I know that I have the right team in place to deliver on the requirements of the business, but I have realised the hard way that I have built an owner-dependent business. This means that I haven’t been empowering my people enough to be responsible for their own part of the business, to take the decisions they think will enable us to move forward and implement them. I do listen to my team’s input and we do work very well as a team, but, in order for CB Media to grow further and the right way, it is essential for the business to be independent from me. I am now working on empowering the team and ensuring that we have the right systems, controls and accountability in place to make this happen. After that, I will probably go on a six month holiday without checking into the business.
What are the key industry opportunities you’re capitalising on?
We are capitalising on the construction industry as well as healthcare. Time-lapse video is a very popular trend in the construction world. It enables those companies to showcase their skills and expertise by having a video covering the entire duration of a build. This means that we would set up one or several cameras on a building site for up to 24 months, capture the build and produce a two to a three-minute video of the building coming to life. Those companies use those videos for their internal communication, but also to get more business. Training videos and 3D animations are also very popular in the healthcare industry, and we are working on capitalising on this opportunity.
STEM sectors receive a lot of criticism for a lack of diversity. What are your thoughts on this and what’s needed to effect change?

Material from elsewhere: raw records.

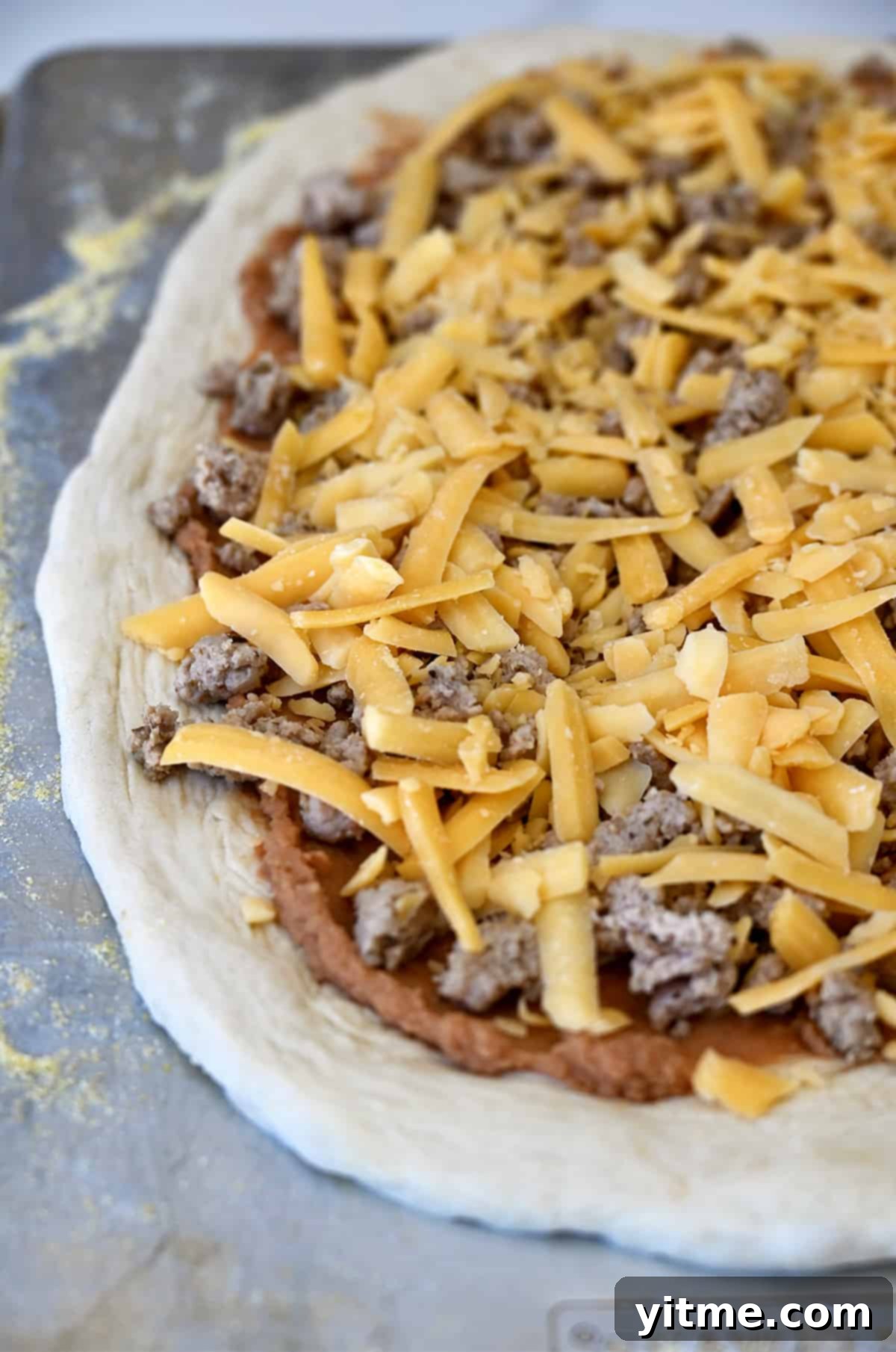 Pizza dough topped with refried beans, cooked taco meat and shredded cheddar cheese.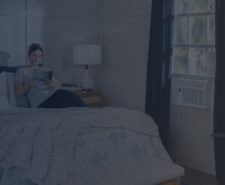 Woman in Bedroom Reading Book with Window AC Turned On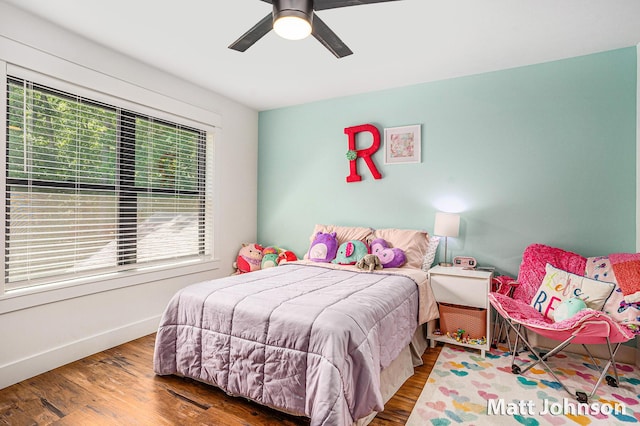 2771 Deer Run Rd, Muskegon, MI 49445 - bedroom with wood finished floors and a ceiling fan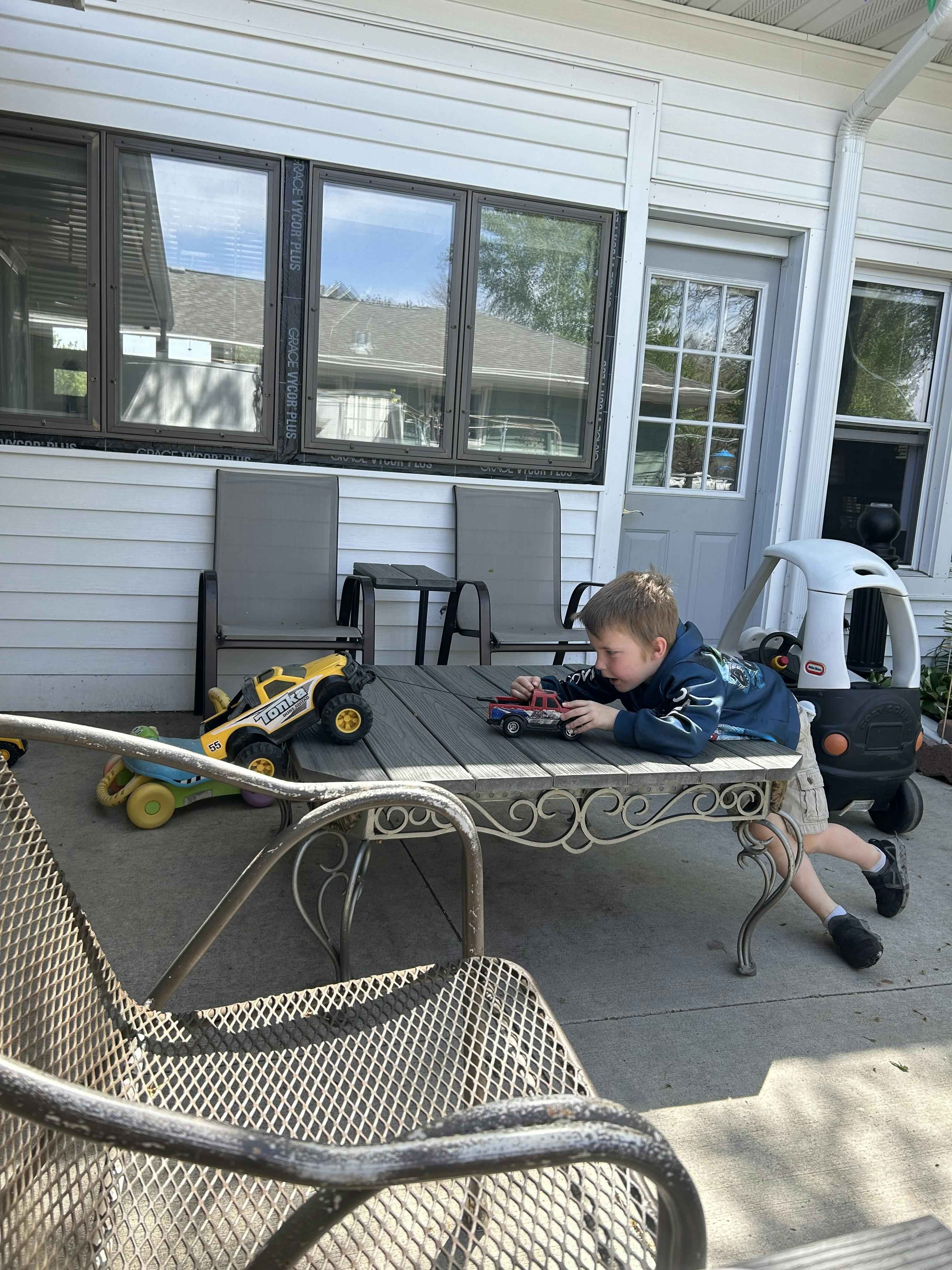 Child playing with toy cars on an outdoor table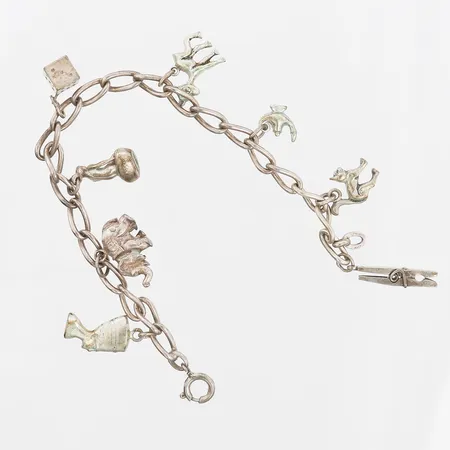 Berlockarmband med 8st berlocker, längd 20cm, silver 830/1000 Vikt: 27,8 g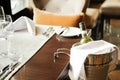 A bottle of white wine in ice bucket on the background of a served table in a restaurant Royalty Free Stock Photo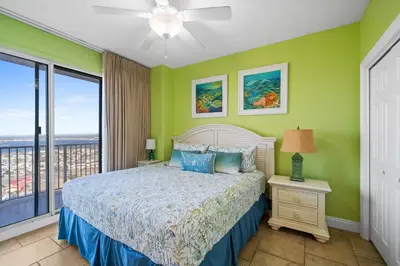 a bedroom with a bed with green walls and a window at Treasure Island #2101 in Panama City Beach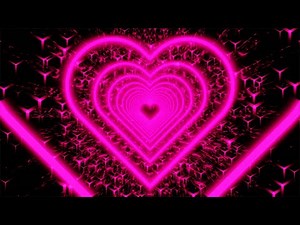 Pink neon heart with particle shaped lights on black background. 4K Video Loop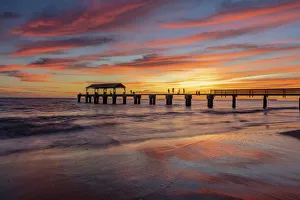 Inspiring Prints: Vivid sunrise clouds silhouette Waimea Pier with Ni ihau Island in distance in Kauai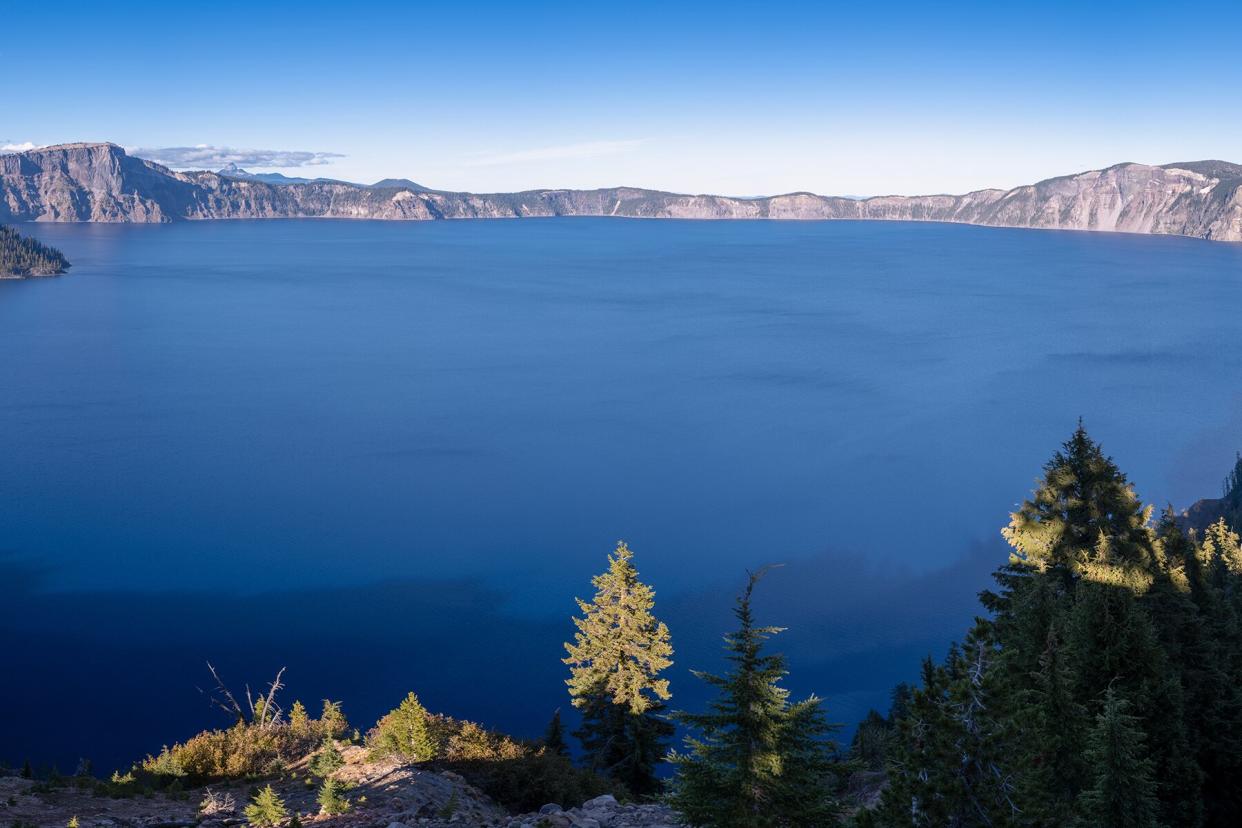 A wide panorama view of blue water in Crater Lake , Oregon. Shot from Rim Village in the afternoon.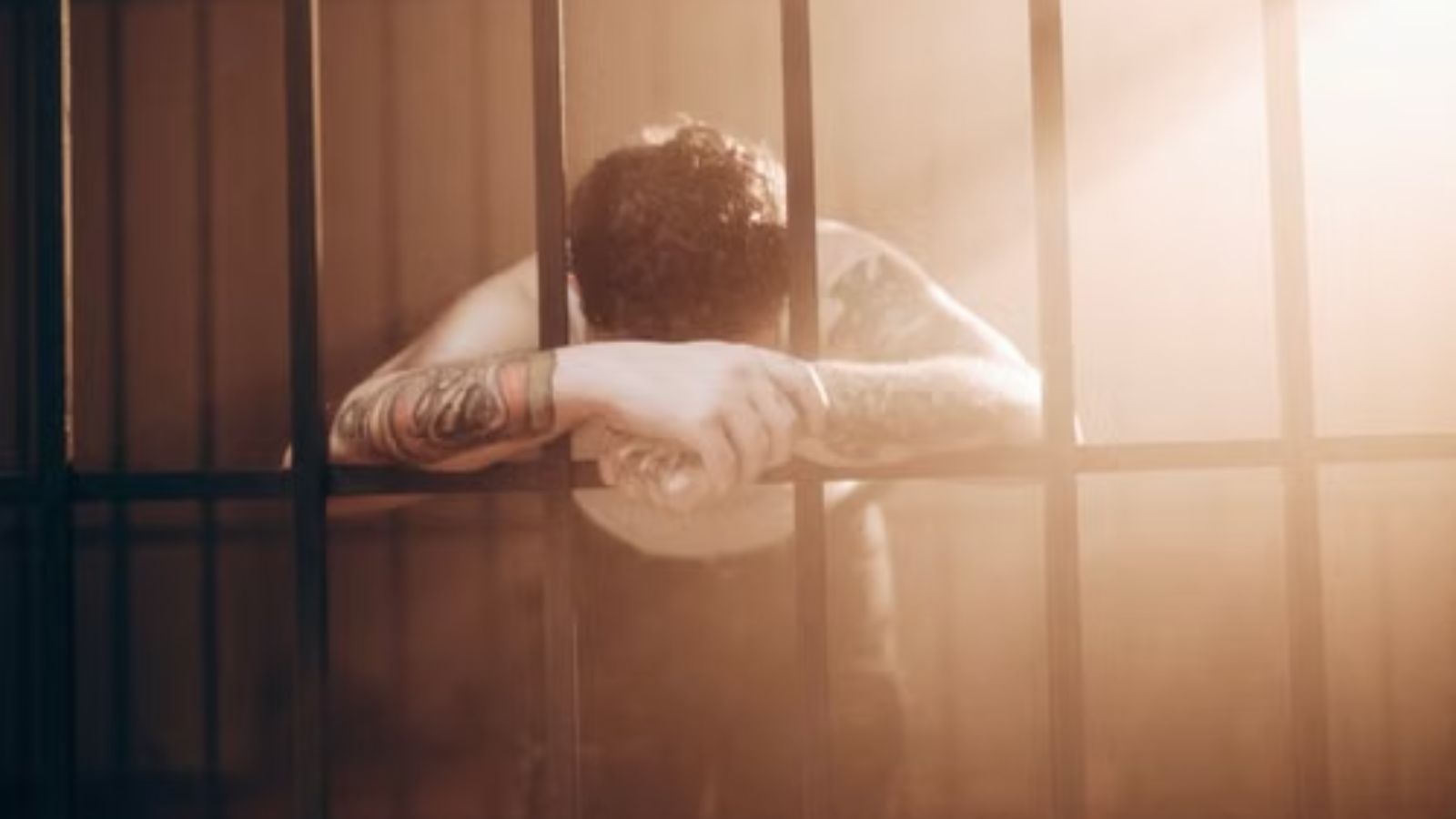 His Jailed Brother Wanted Him to Facilitate Outside Messages to Old Gang Ties—and His Family Resented Him for Saying No A tattooed man leans against prison bars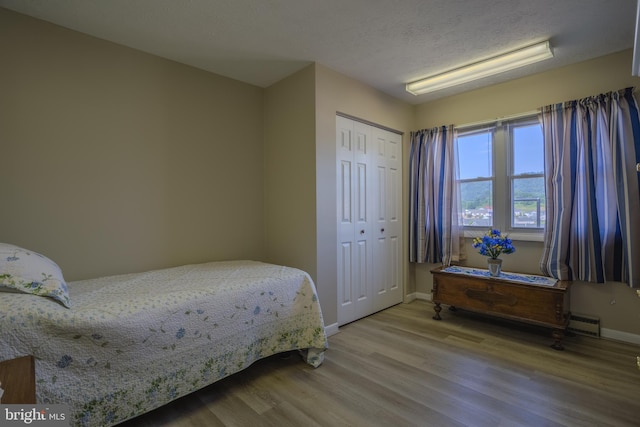 bedroom with a closet, hardwood / wood-style floors, and a textured ceiling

I do agree that there is a lack of diversity in STEM sectors. I think that diversity must start at the top. The culture of a company is defined and driven by its founders, so we need more female or minority founders in the STEM sectors. The school system should expose the population at a very young age to science, technology, engineering or mathematics. The curriculum should also teach students the required skills to become an entrepreneur. Students should leave college with the skills and knowledge on how to create a business and employ people.